AGORDO. Sono circa 3500 le firme raccolte in queste settimane in Agordino per dire “no” all'esternalizzazione della cucina dell'ospedale di Agordo. A queste se ne aggiungono quasi altrettante da Belluno. Tutte assieme lunedì verranno consegnate al presidente della Regione, Luca Zaia, in occasione del suo arrivo in provincia. Tutto è nato dopo l'incontro del 17 settembre a Belluno tra direzione strategica dell'Usl 1 e organizzazioni sindacali sulla gestione della ristorazione in ospedale. Alla frase, riportata nel testo che accompagna i moduli per la raccolta firme, per cui per qualcuno la cucina interna sarebbe “un lusso che non ci possiamo permettere”, gli organizzatori della petizione oppongono da un lato la qualità del servizio erogato fino ad oggi, dall'altro qualche dubbio sui presunti risparmi.

Alla cucina dell'ospedale oggi lavorano 17 persone. Nel 2014 hanno sfornato 190 mila pasti che sono stati consumati dai degenti nei reparti dell'ospedale, dagli ospiti delle Rsa (anziani inabili, polifunzionale 1 e 2), dagli anziani che li ricevono a domicilio, dagli studenti e dal personale dell'Unione montana.

Vengono preparati quattro primi, quattro secondi, quattro contorni per i 46 tipi di diete diverse. Ogni sera i frigoriferi della cucina sono pressoché vuoti perché i prodotti usati, salvo il pesce che è congelato, sono freschi (lo è l'80% delle verdure). Il costo di ogni pasto, comprensivo di Iva e di ogni tipo di spesa, dal metano, alle divise dei dipendenti, è di 6,46 euro.

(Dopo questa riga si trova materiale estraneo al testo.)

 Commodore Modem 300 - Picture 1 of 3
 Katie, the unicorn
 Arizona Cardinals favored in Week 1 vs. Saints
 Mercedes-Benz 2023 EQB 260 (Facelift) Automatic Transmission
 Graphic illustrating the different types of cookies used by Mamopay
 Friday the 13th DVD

Da quanto sospettano i promotori della raccolta firme, l'ipotesi economica sul tavolo dell'Usl 1 sarebbe sì inferiore come prezzo base, ma a questo andrebbero aggiunti l'Iva al 10% e le colazioni. Alla fine il totale non sarebbe molto distante dai 6,46 euro dell'ospedale di Agordo. Ma anche ammesso che i prezzi di una ditta esterna siano più vantaggiosi, i sostenitori della petizione ritengono che ci sia anche un'altra questione da approfondire. Se il servizio venisse esternalizzato sia per Agordo che per Belluno, 11 degli attuali 44 dipendenti sarebbero in esubero. Persone che andrebbero a quel punto reintegrate. Se, come fanno i promotori della raccolta firme, si ipotizzano 30 mila euro l'anno di spesa per ciascun esubero, il costo totale (330 mila euro) sarebbe lo stesso che l'azienda sanitaria si prefiggerebbe di risparmiare con l'esternalizzazione della cucina.

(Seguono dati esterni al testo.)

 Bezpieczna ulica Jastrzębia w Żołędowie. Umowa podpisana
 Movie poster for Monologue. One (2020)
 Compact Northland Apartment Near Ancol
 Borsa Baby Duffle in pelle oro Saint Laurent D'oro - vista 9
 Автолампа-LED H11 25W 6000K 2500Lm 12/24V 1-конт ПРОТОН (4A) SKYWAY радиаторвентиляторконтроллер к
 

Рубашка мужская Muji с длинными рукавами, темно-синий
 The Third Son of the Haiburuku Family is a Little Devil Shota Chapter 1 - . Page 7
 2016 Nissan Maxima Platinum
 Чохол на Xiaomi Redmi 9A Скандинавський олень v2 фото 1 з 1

«Che differenza c'è tra una gestione diretta e una gestione in appalto e quale futuro per i dipendenti della cucina?», si chiedono a questo punto i 3500 firmatari agordini «come fanno le ditte private a proporre prezzi inferiori? Quale sarà la conseguenza sulla qualità del servizio? Siamo sicuri che siano state vagliate tutte le possibilità per evitare l'esternalizzazione del servizio a cui la direzione strategica è stata costretta a seguito della bocciatura da parte della Commissione regionale per l'investimento in tecnologia ed edilizia (Crite) del progetto di fusione delle cucine di Belluno Agordo e Sersa inizialmente preso in considerazione? La speranza è che tutte queste domande trovino risposte positive e che le decisioni non vengano influenzate da interessi di sorta».